SECURITIES NOTE INFORMATION

  • A new section entitled “Risks relating to the Offer and the Class A Shares” has been added into the Prospectus to describe the risks relating to the Offer and the Class A Shares, including risks relating the liquidity or trading price of the Offer Shares, dilution risks, and risks relating to Shareholders in the United States. Please see pages 27 to 31 of the Prospectus.
  • New sections entitled “Expected Timetable of Principal Events and Offer Statistics” and “Details of the Offer” have been added into the Prospectus, describing the means through which the Offer Shares will be offered to the public pursuant to the Offer. Please see pages 42 to 43 and pages 129 to 143 of the Prospectus.
  • New sections entitled “Terms and Conditions of the Community Offer” and “Terms and Conditions of the Deliveroo Nominee Service” have been added into the Prospectus, describing the terms and conditions applicable to the Community Offer and the terms and conditions applicable to holding Offer Shares acquired in the Community Offer through the Deliveroo Nominee Service. Please see pages 144 to 150 and pages 151 to 161.
  • A new section entitled “Capitalisation and Indebtedness” has been added into the Prospectus, describing the capitalisation and indebtedness of the Company as at 31 December 2020. Please see page 89 of the Prospectus.
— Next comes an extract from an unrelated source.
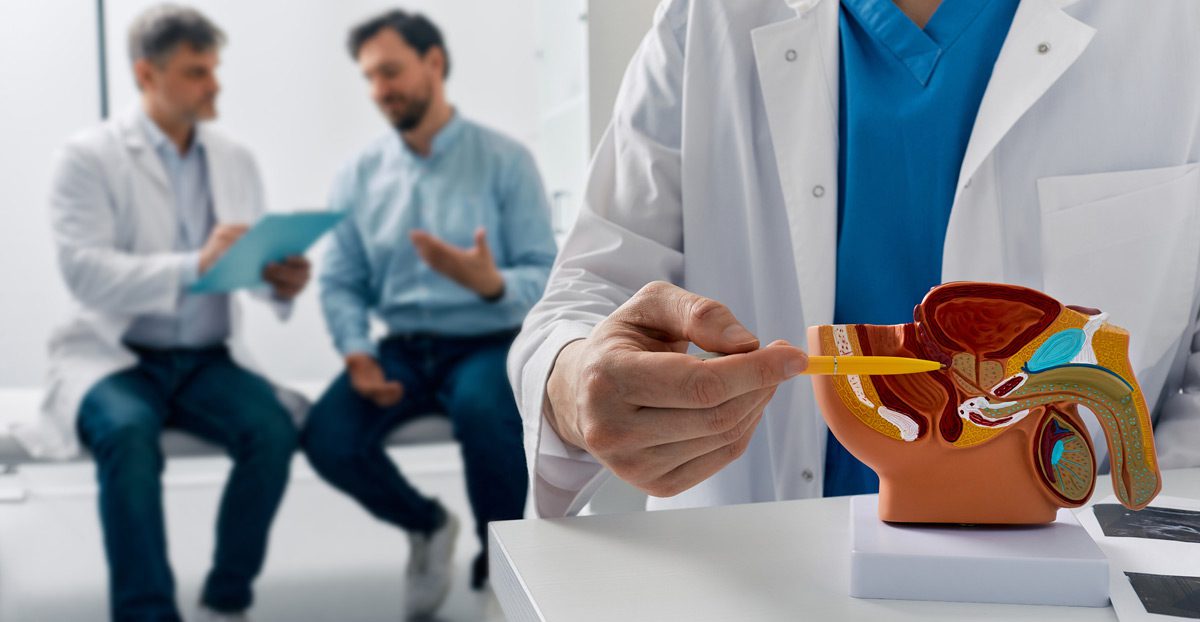 Doctor-and-patient-discussing-options-with-a-3D-model-in-the-foreground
  • A new paragraph entitled “Underwriting arrangements” has been added into the Prospectus, describing the arrangements entered into between the Company, the Directors, the Principal Shareholders, Equiniti FS (on behalf of the Other Selling Shareholders), and the Underwriters, among other parties, pursuant to which the Underwriters agreed to underwrite the Offer. This disclosure also includes terms of the lock-up arrangements that have been entered into or will be entered into ahead of Admission. Please see pages 197 to 198 of the Prospectus.
  • New paragraphs entitled “UK Taxation” and “Certain US Federal Income Taxation” have been added into the Prospectus to provide a general guide to certain UK and US tax considerations relevant to the acquisition, ownership and disposition of Offer Shares. Please see pages 200 to 205 of the Prospectus.
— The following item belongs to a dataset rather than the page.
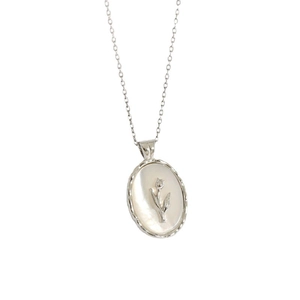 S925 sterling silver necklace with oval mother of pearl tulip flower pendant on white background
  • A new paragraph entitled “Working capital” has been added into the Prospectus, confirming the adequacy of the Group’s working capital. Please see page 206 of the Prospectus.

SUMMARY INFORMATION

  • A new section entitled “Summary” has been added into the Prospectus, to reflect the addition of a Summary as required by Article 7 of Regulation (EU) 2017/1129. Please see pages 1 to 7 of the Prospectus.